Contacted by local media outlets for comment, Skokie Voice has released the following statement:

The Skokie Voice Residents’ Association welcomes the Village of Skokie announcement that crime in the Village decreased overall by 4 percent in 2011 from 2010 levels. Skokie Voice appreciates the dedication of the Skokie Police Department to keeping our community safe, including the SPD’s recognition that resident engagement is vital to this process.

To that end, Skokie Voice initiated the June 2010 Town Hall meeting at which residents expressed significant concerns about public safety, especially at a number of parks. The Village responded with increased police patrols – and Skokie Voice has continued to serve as a conduit for such concerns.

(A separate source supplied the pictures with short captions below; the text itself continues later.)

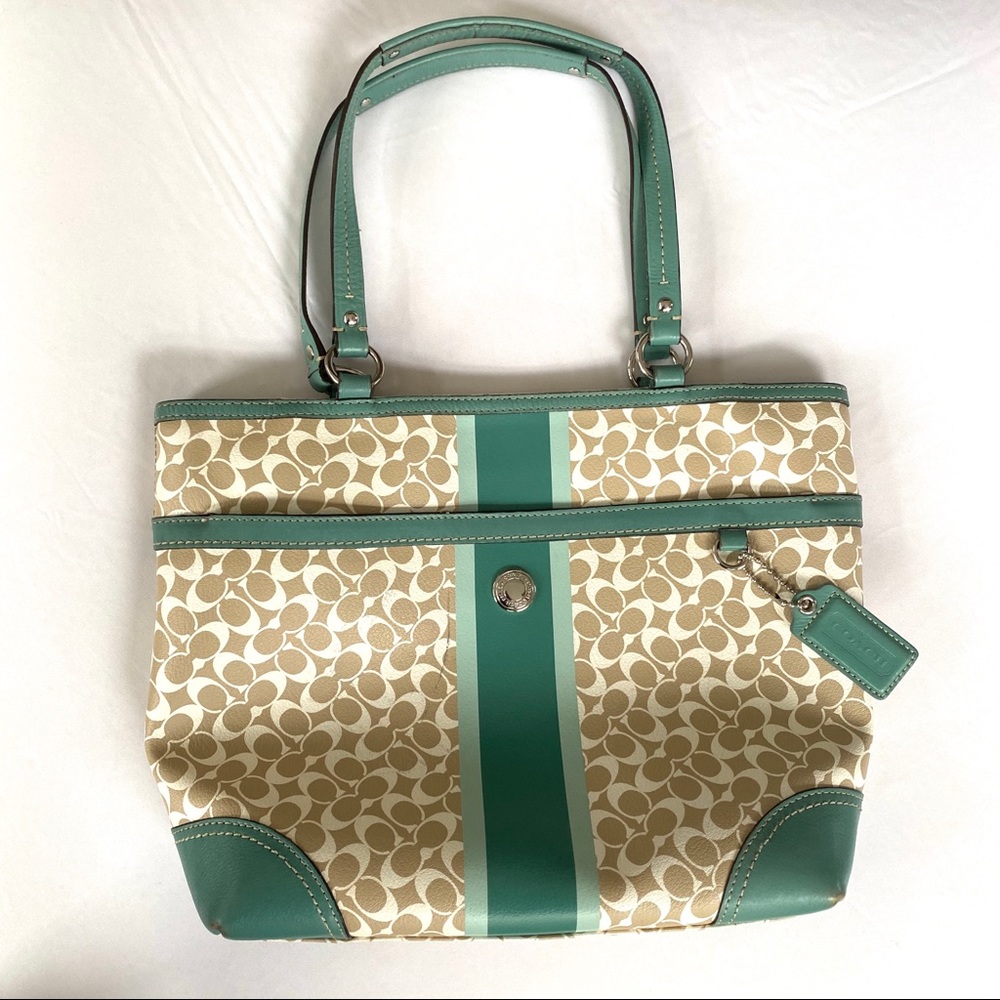 SALE ✅ Coach Signature Beige/Green Handbag
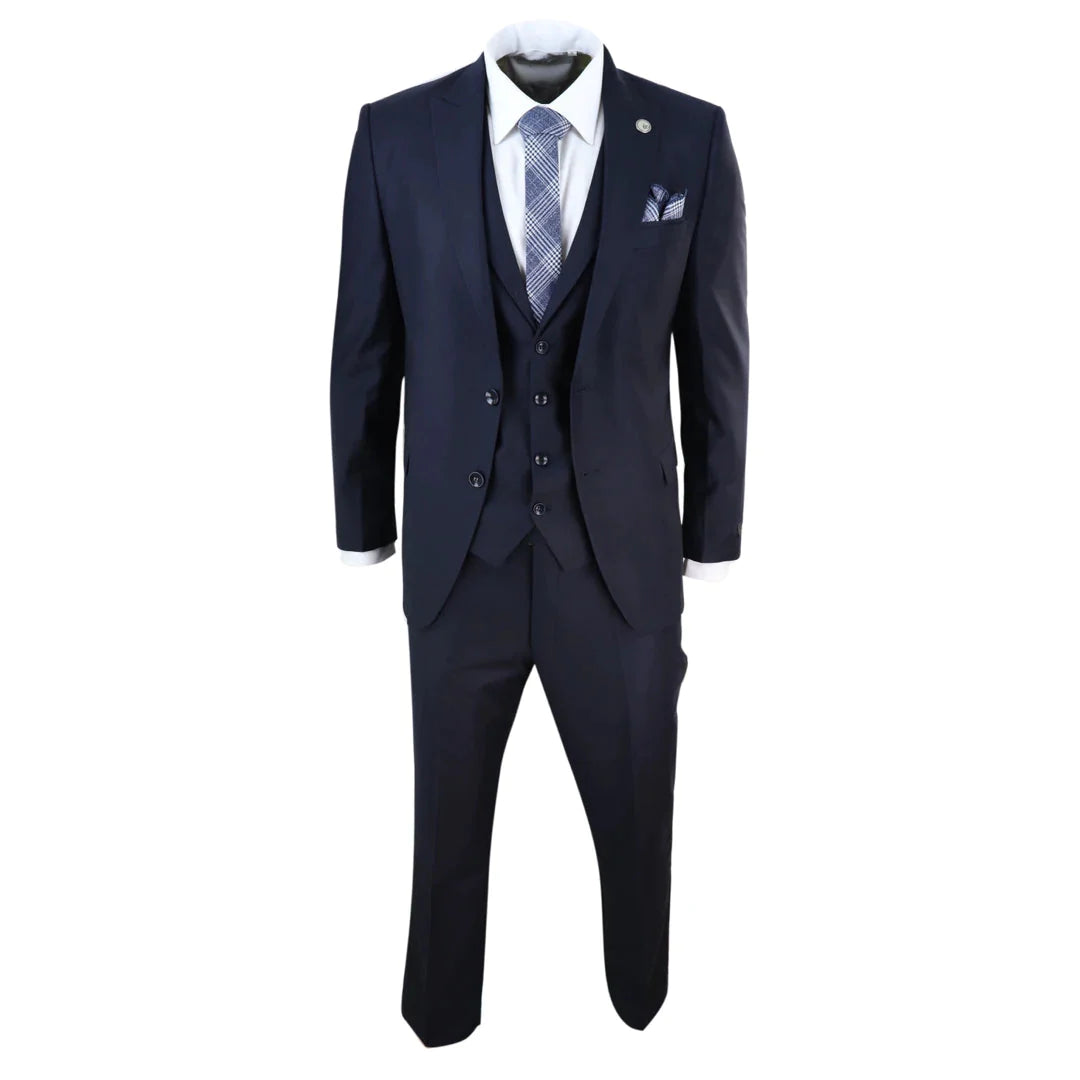 Mens Classic Navy-Blue 3 Piece Suit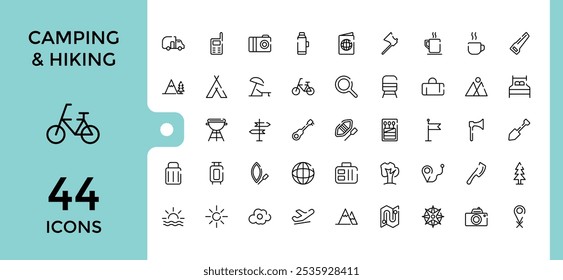 Hiking icon collection. Contains related to outdoors, Camping, adventure, climber, tourism, hiking and more. Outline icons pack. Vector outline icons set.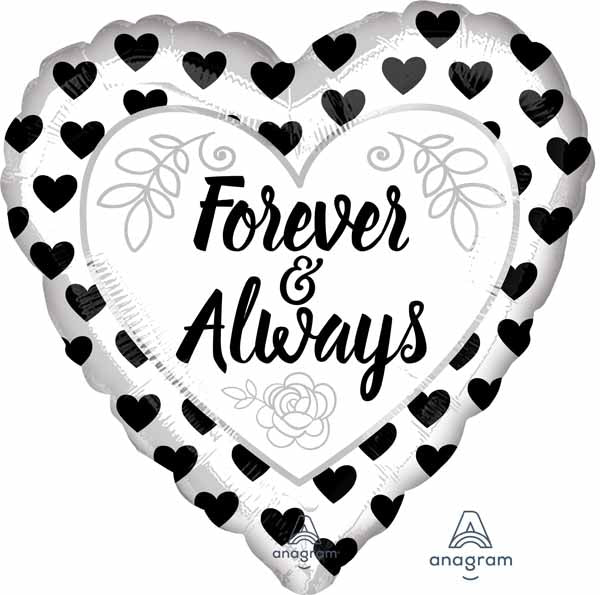 FOREVER & ALWAYS BK/ WHT 18" HRT S40 PKG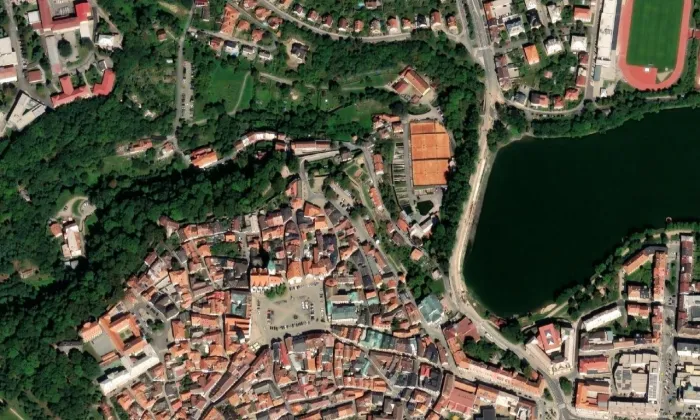 Vodárna (Tábor) – letecký pohled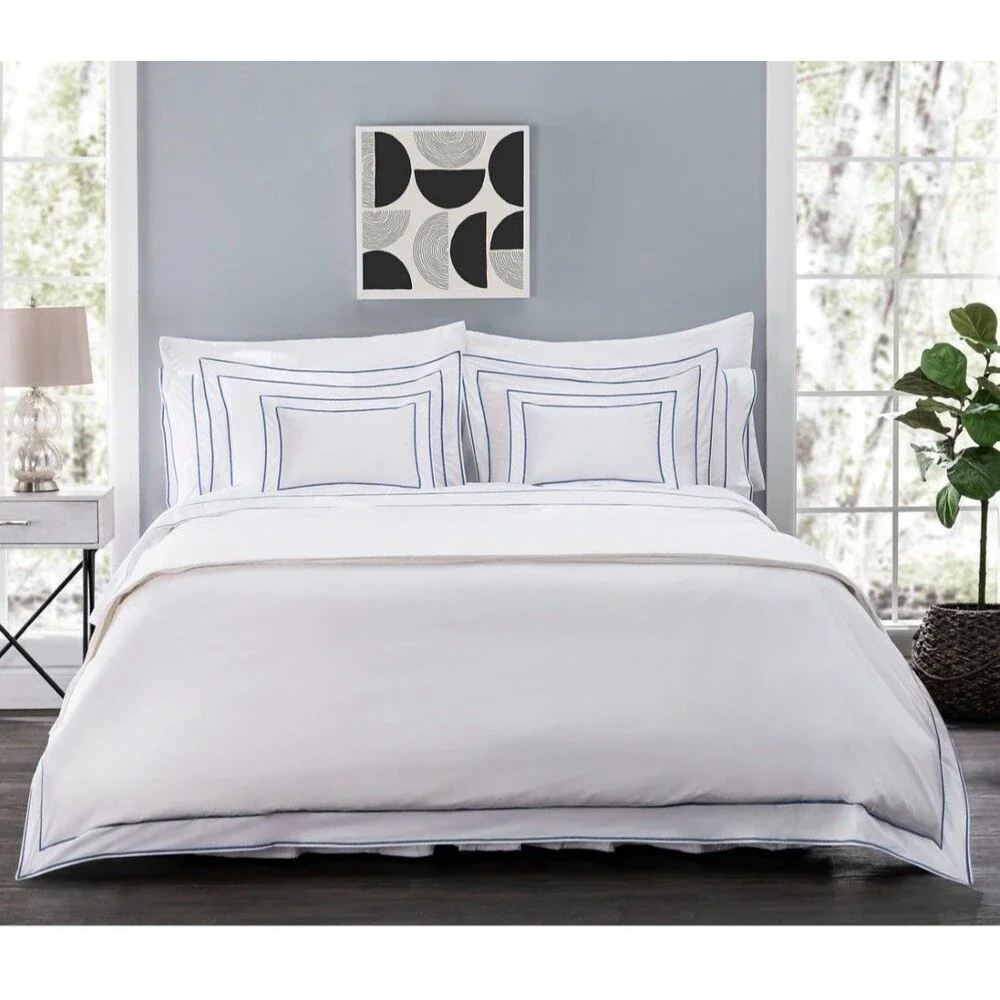 Hamburg House Egyptian Cotton Custom luxury Embroidered Standard Sham Case (2)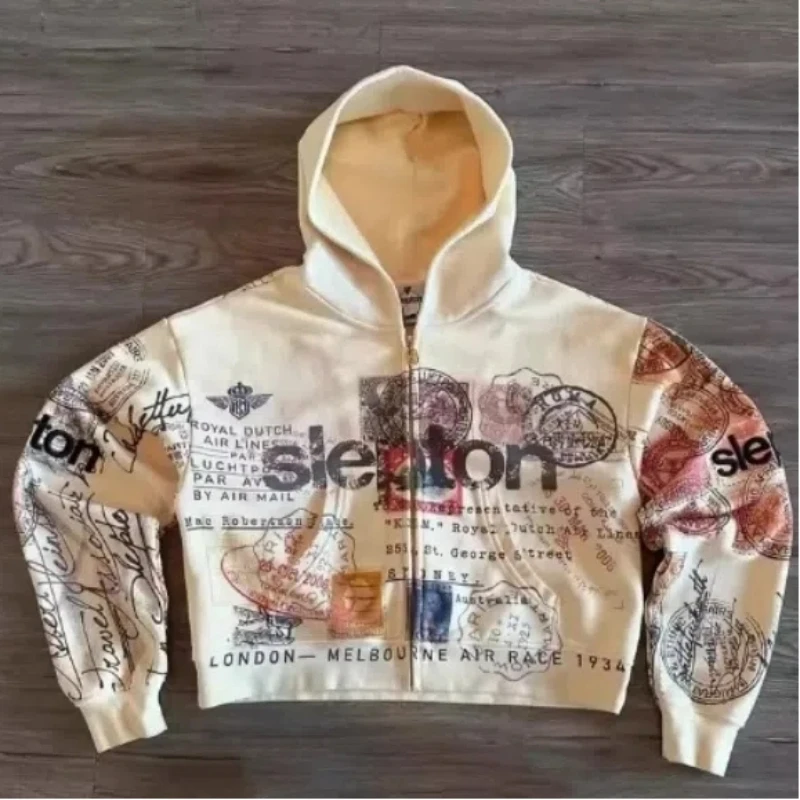 Abbigliamento da ballo di strada americano di vendita caldo, felpa con cappuccio stampata da strada di marca alla moda, felpa con cappuccio con cerniera hip-hop alla moda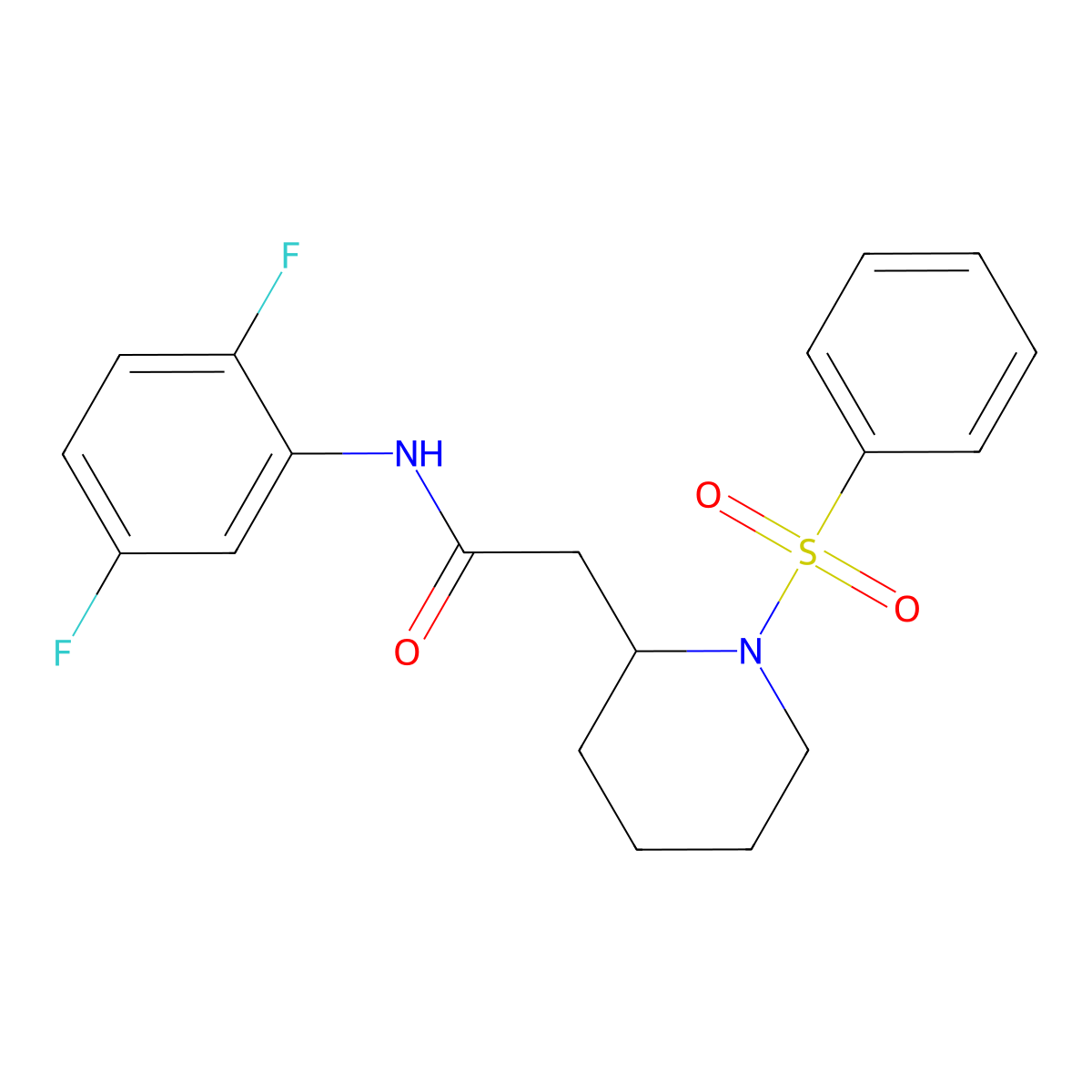 N-(2,5-difluorophenyl)-2-(1-(phenylsulfonyl)piperidin-2-yl)acetamide molecular structure, CAS 1021040-77-6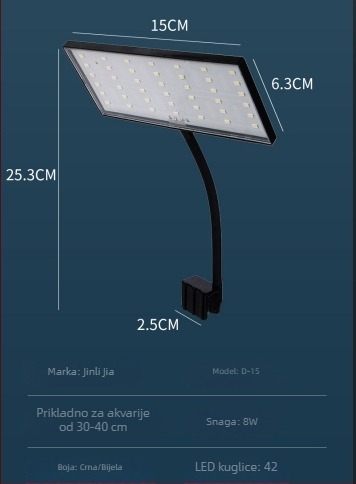 Akvarijska klip-lampa s punim spektrom RGB, podesivi univerzalni klip, 8W/12W, za vodne biljke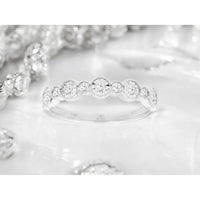 14K White Gold Diamond Wedding Band with Round Diamonds and Milgrain-Inspired Circle Stations - 0.25 Carat Total Diamond Weight - Royal Jewelry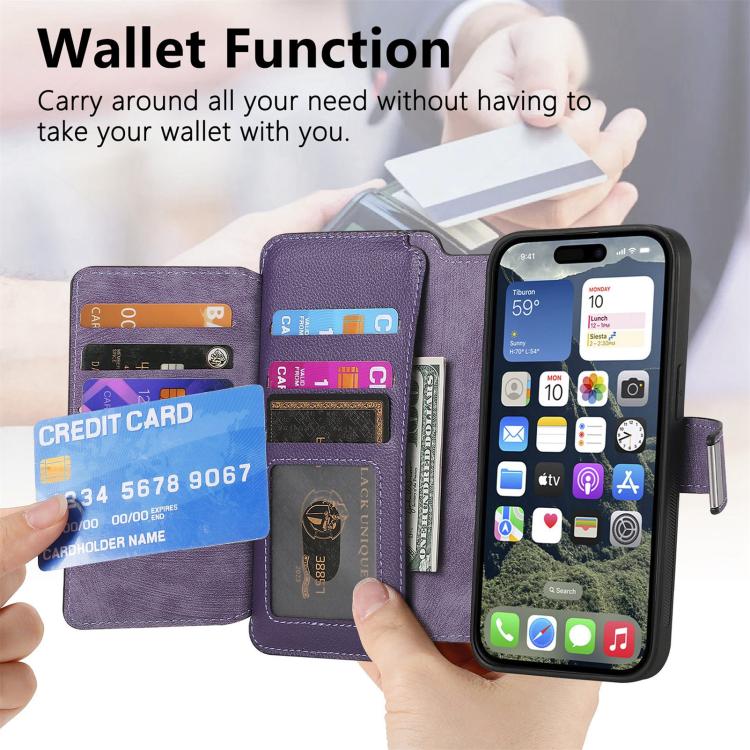 For iPhone 17 CaseNeo MagSafe RFID Anti-theft Zipper Wallet Retro Leather Phone Case(Purple) by CaseNeo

Members of the SV Community Safety and Housing committees met with police and other Village officials throughout 2011 regarding long-term safety trends, and in June 2011 Skokie Voice presented a community forum on housing issues. In November 2011 Skokie Voice urged Village officials to consider increasing resources to be allocated to the Police Department and Property Standards Division in the FY 2013 Village budget.   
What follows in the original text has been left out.